Legal term provided by United States Courts

Fundamental error is a legal term provided by United States courts to describe an error which occurs whenever a judgement violates a federal fundamental right. In United States constitutional law, fundamental rights have special significance under the U.S. Constitution. Those rights enumerated in the U.S. Constitution are recognized as "fundamental" by the U.S. Supreme Court. State courts within the United States may define fundamental error rules independently of the federal courts. State fundamental error rules may include errors which violate rights in additional to those rights guaranteed by the U.S. Constitution, but these rules may not infringe upon federal fundamental rights. Any law restricting such a right must both serve a compelling state purpose and be narrowly tailored to that compelling purpose.

==Judicial errors==
A fundamental error is a type of legal or judicial error.

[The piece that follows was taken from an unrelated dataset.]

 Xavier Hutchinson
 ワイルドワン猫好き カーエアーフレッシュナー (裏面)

A judicial error is a mistake by a judge or court. If a majority of a reviewing court, such as an appellate court, finds an error or errors which impacts the result, the higher court may reverse the lower court's error in whole or in part (the entire judgment or a part of it), and remand (send it back) with instructions to the lower court.

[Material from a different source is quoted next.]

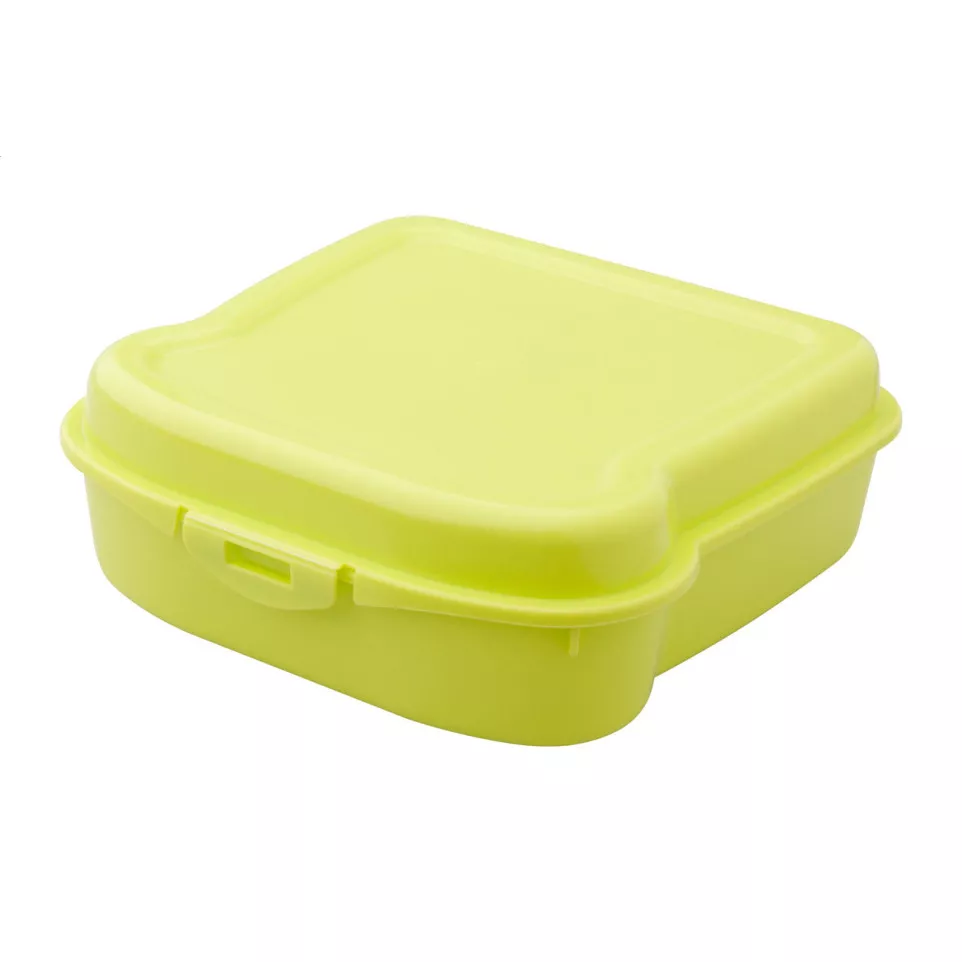 Sondix green  lunch box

There are various types of errors which fall under two groups: harmless errors and plain errors. Errors which have no prejudicial impact on the rights of a party are deemed harmless errors. Higher courts will not reverse or remand the lower court's decision for harmless errors. A plain error is an error that is obvious and affects "the fairness, integrity or public reputation of judicial proceedings". Plain errors are typically reversible errors. Higher courts will always reverse or remand the lower court's decision for reversible errors.

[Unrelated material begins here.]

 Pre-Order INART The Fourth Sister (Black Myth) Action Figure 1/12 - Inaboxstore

Fundamental errors are both plain errors and reversible errors. Fundamental errors are similar to substantial errors; however, the definition of a "substantial error" may differ slightly among the courts. A fundamental error is consistent among all US Courts as these errors violate the fundamental rights guaranteed by the US Constitution. In other words, all substantial errors are not necessarily fundamental errors, but all fundamental errors are substantial errors.

==Errors affecting fundamental rights==
Courts often review questions of whether a fundamental error occurred in post-conviction proceedings, such as a direct appeal, the writ of habeas corpus or the writ of coram nobis. Fundamental error, as a rule, is an extremely difficult claim to succeed in an appeal. Congress and state legislatures may enact regulations on these proceeding, such as time limits for the filing post-conviction motions, in efforts to reduce judicial caseloads. In Murray v. Carrier, the Supreme Court ruled that the concept of fundamental error applies to those cases in which the defendant was probably ... actually innocent." The Court then specified that "in an extraordinary case, where a constitutional violation has probably resulted in the conviction of one who is actually innocent, a federal habeas court may grant the writ even in the absence of a showing of cause for the procedural default".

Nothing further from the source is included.